# ACTION ITEM
Transcribe the full listing without changing a word, and omit its pictures.

# DATA BLOCK
== == ==

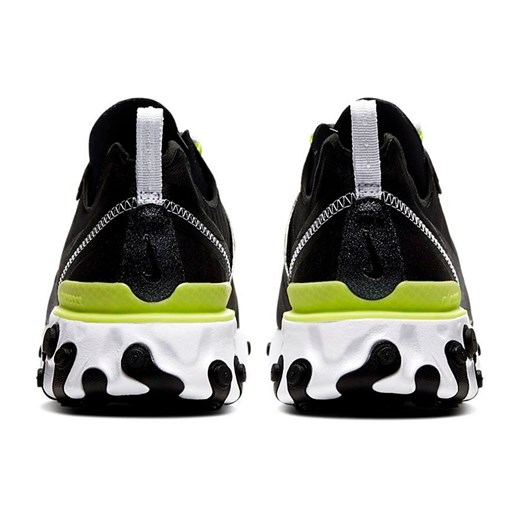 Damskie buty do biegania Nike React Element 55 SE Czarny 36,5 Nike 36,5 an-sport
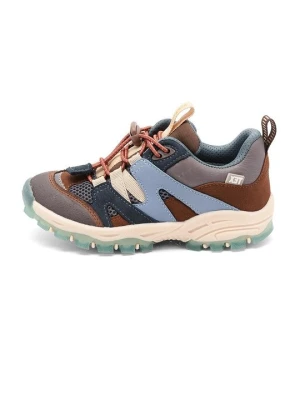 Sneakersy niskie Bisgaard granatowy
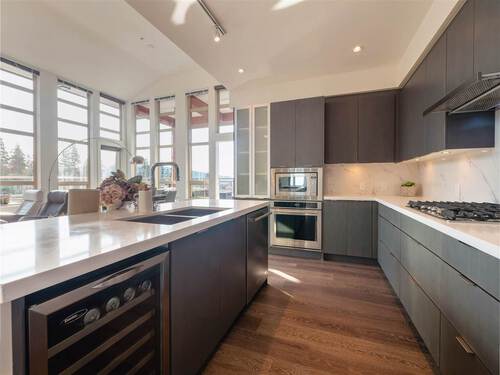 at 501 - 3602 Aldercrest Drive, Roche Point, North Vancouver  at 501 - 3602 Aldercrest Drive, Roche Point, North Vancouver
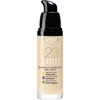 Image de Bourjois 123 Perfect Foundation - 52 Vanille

== == ==

# YOUR SOLUTION
 Damskie buty do biegania Nike React Element 55 SE Czarny 36,5 Nike 36,5 an-sport
 Sneakersy niskie Bisgaard granatowy
 at 501 - 3602 Aldercrest Drive, Roche Point, North Vancouver  at 501 - 3602 Aldercrest Drive, Roche Point, North Vancouver
 Image de Bourjois 123 Perfect Foundation - 52 Vanille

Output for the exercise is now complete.